TEMPO.CO , Jakarta: Selama satu jam Wahyu Pratama dipajang di peron Stasiun Tanah Abang. Bajunya dilepas petugas keamanan dan tangannya diborgol. "Ayo, ibu-ibu yang mau foto pencopet ini," ujar salah seorang petugas pada Rabu petang, 1 Juli 2015.
Wahyu Pratama tertangkap basah mencopet ponsel milik Holis, warga Depok dan Rahmawati, warga Bogor serta Rosa di Stasiun Tanah Abang. Lima rekannya berhasil kabur naik kereta yang menuju Duri dan Bogor dengan membawa sejumlah ponsel hasil copetan.

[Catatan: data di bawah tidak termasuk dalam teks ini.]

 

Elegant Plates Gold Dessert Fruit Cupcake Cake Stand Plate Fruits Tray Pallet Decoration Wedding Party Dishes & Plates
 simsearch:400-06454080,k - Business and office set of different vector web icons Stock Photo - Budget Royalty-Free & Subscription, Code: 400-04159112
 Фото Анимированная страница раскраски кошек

Puluhan penumpang kereta komuter memotret wajah Wahyu. Ibu-ibu yang gemas menjambak rambutnya. Beberapa pria bahkan memukul perut, muka dan menendang punggung Wahyu. "Beraninya mencopet perempuan," ujar seorang pria.
Setelah itu, Wahyu dan tiga perempuan yang jadi korban, naik kereta komuter dibawa ke Stasiun Manggarai. Di dalam ruangan, celana Wahyu dilucuti hingga tinggal pakaian dalam. Suara pukulan dan tendangan oleh petugas keamanan stasiun terdengar dari luar. Bak buk bak buk.

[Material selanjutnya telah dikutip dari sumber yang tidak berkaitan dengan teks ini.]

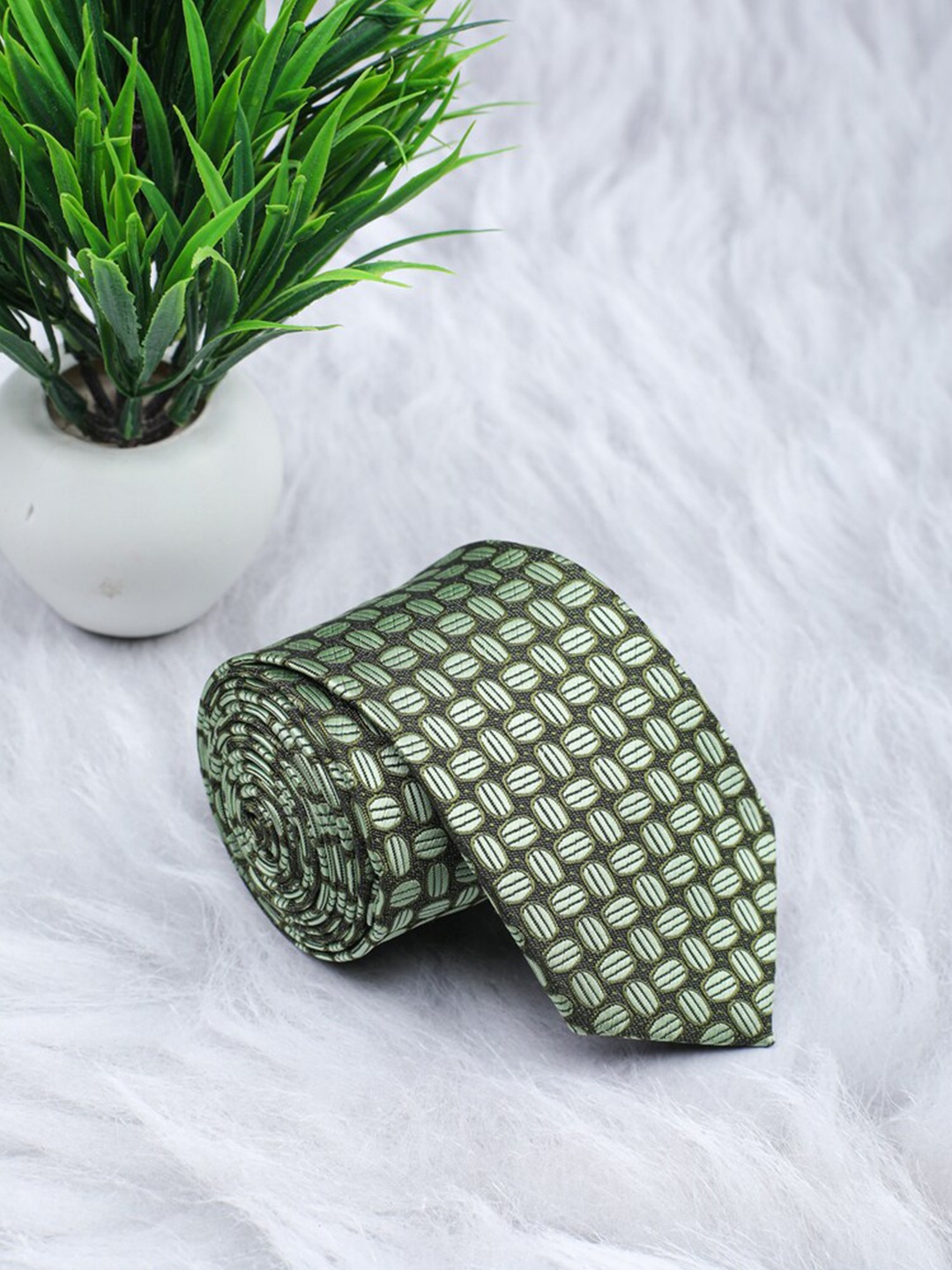 

ELLIS Men Green Printed Broad Tie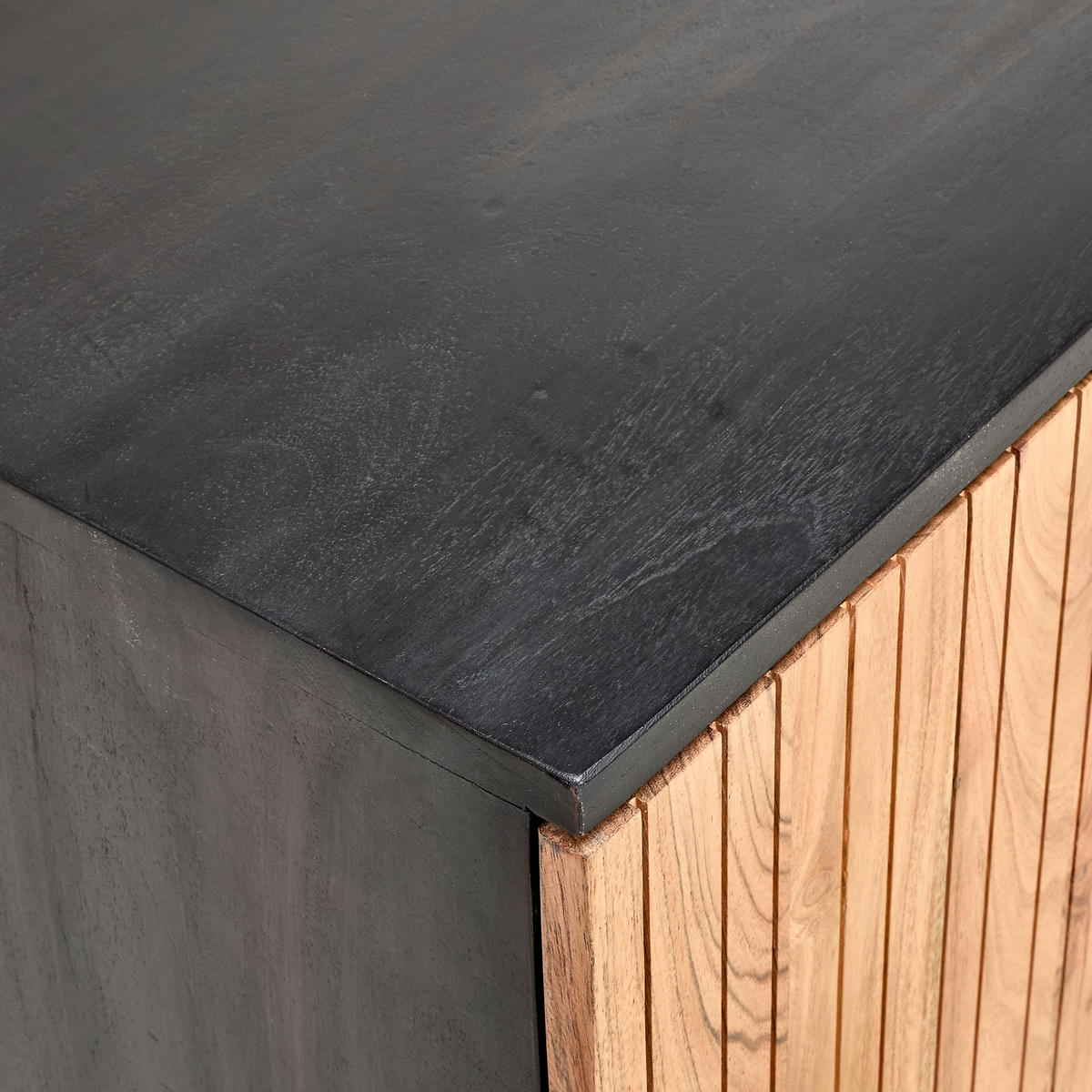SIDEBOARD  in 175/77/40 cm  - Schwarz/Akaziefarben, KONVENTIONELL, Glas/Holz (175/77/40cm) - Livetastic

Mereka menginterogasi Wahyu untuk menanyakan nama dan alamat komplotannya. "Mereka kita tangani di sini, biar ada efek jera. Kalau dibawa ke polisi, percuma, akhirnya dilepas," kata Kapten Marinir Dede Putra, Wakil Komandan Satuan Tugas Pengamanan Kereta Api Commuter Jabodetabek.

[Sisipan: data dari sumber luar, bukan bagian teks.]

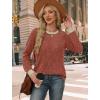 imageWIHOLL Long Sleeve Shirts for Women Lightweight Sweaters Fall Outfits 2025 Color Block Winter Clothing Dressy Casual Soft03caramel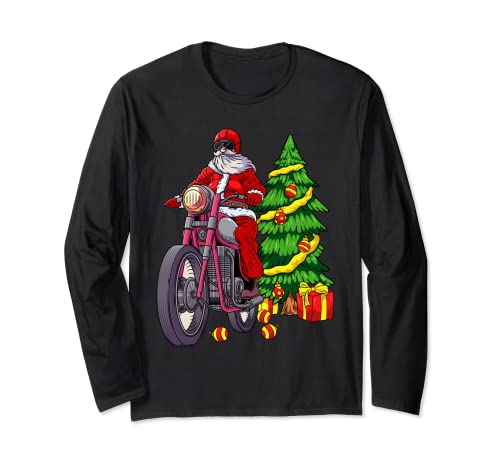 Santa On Motorcycle Biker Men Women Christmas Motorbike Gift Manga Larga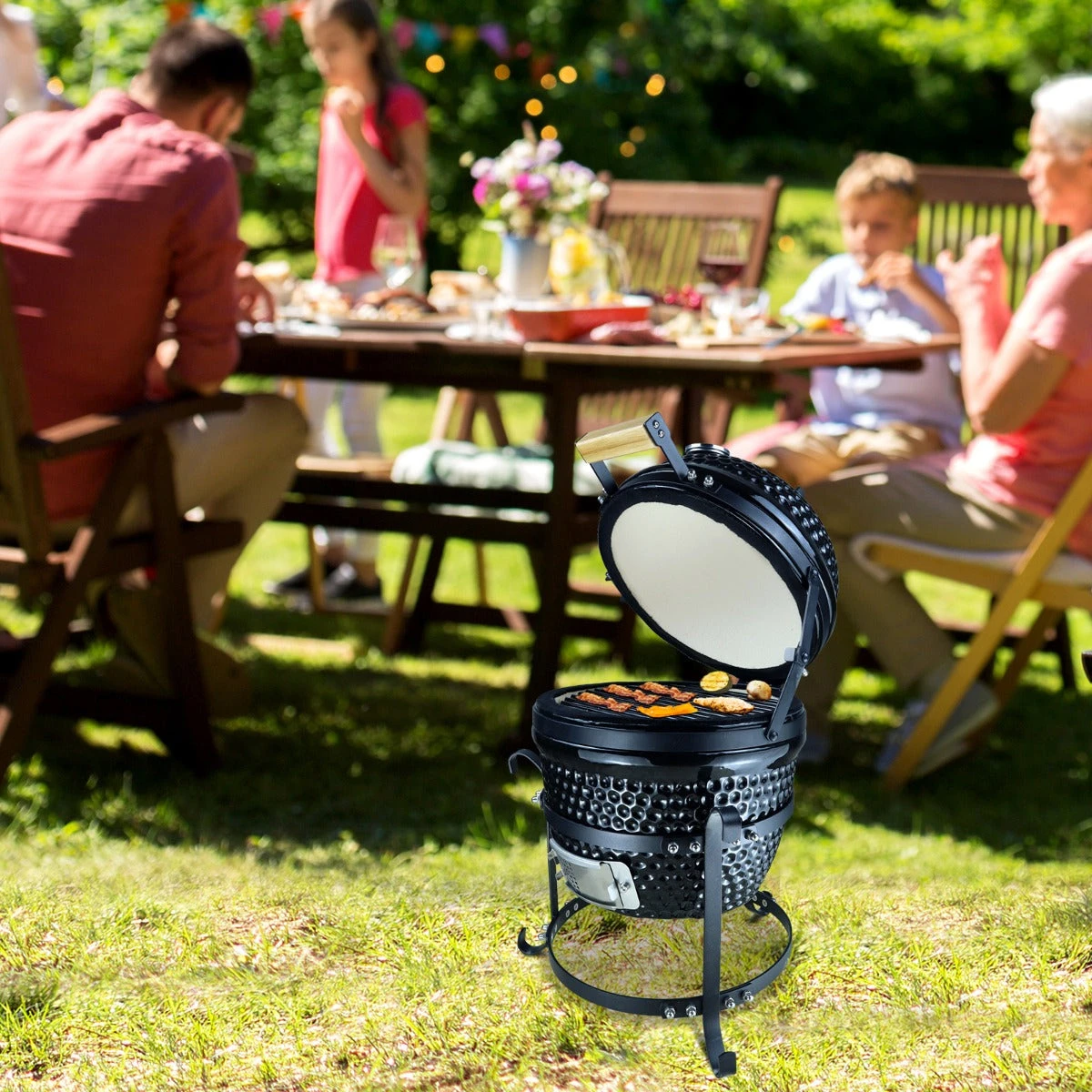 Outsunny Cast Iron Ceramic Kamado Charcoal BBQ Oven 4 Outsunny Cast Iron Ceramic Kamado Charcoal BBQ Oven - Image 4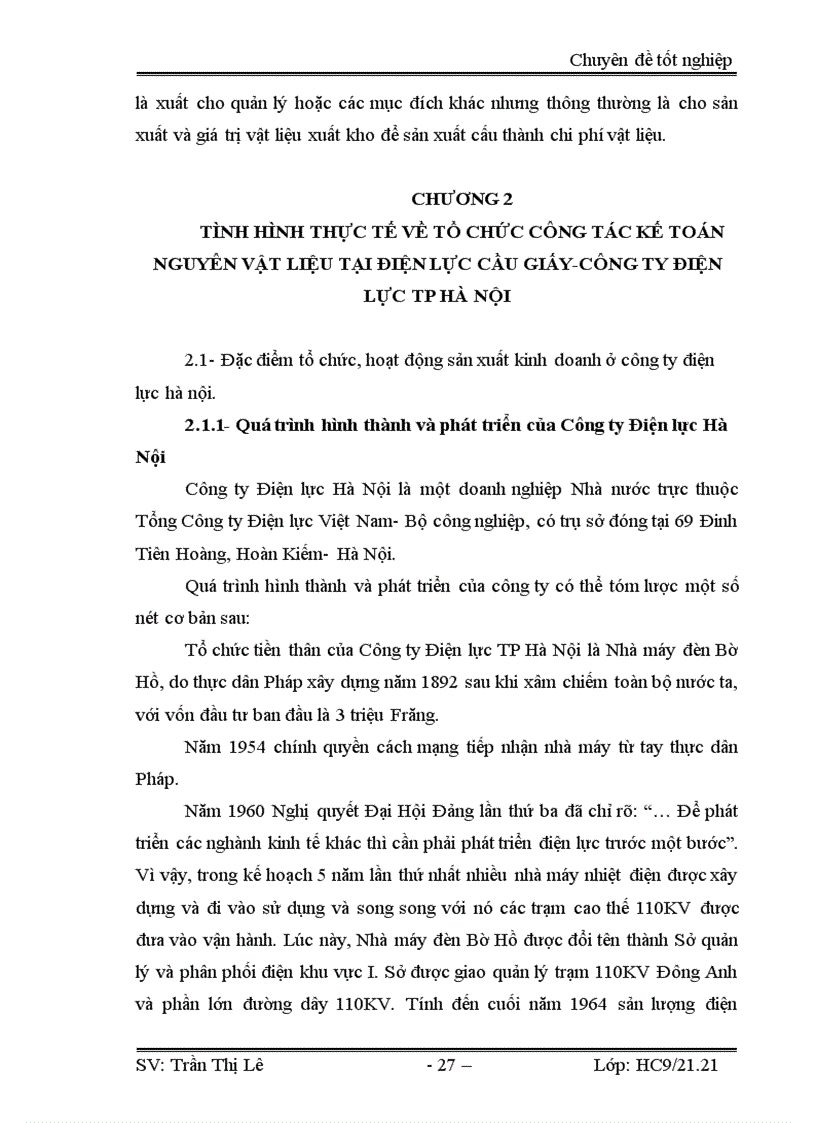image for page Tổ chức công tác kế toán nguyên vật liệu tại Công ty Điện lực thành phố Hà Nội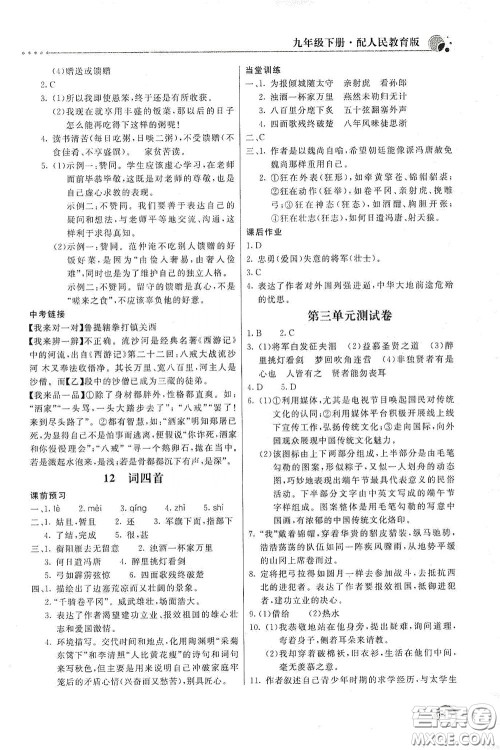 北京教育出版社2020新课堂同步训练九年级语文下册人民教育版答案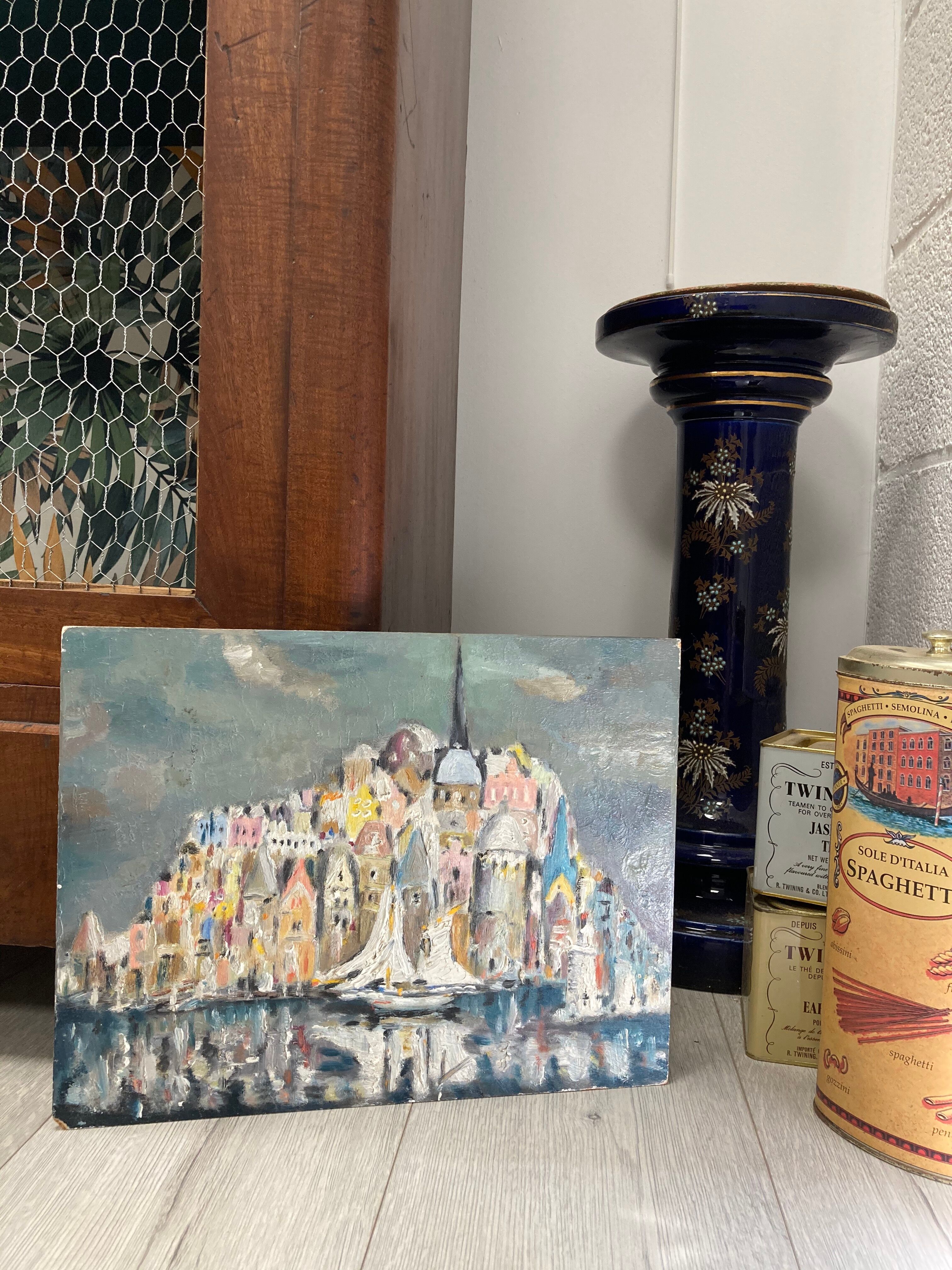 Huile sur panneau vintage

Memang, beberapa kali pencopet diserahkan ke kantor polisi untuk diproses lebih lanjut. Namun karena dianggap pencurian ringan akhirnya dilepas. "Bahkan ada polisi yang meminta penumpang yang jadi korban mencabut laporannya," kata seorang petugas KAI.
Dari interogasi kepada pencopet yang tertangkap, petugas berniat memburu komplotan pencuri itu. Suara rintihan terdengar dari ruang interogasi di Stasiun Manggarai.
Wahyu menggelepar di lantai. "Dia cuma pura-pura saja kalau asmanya kambuh. Kasih minum lagi," kata seorang petugas, satu jam menjelang waktu berbuka puasa pada Rabu petang lalu.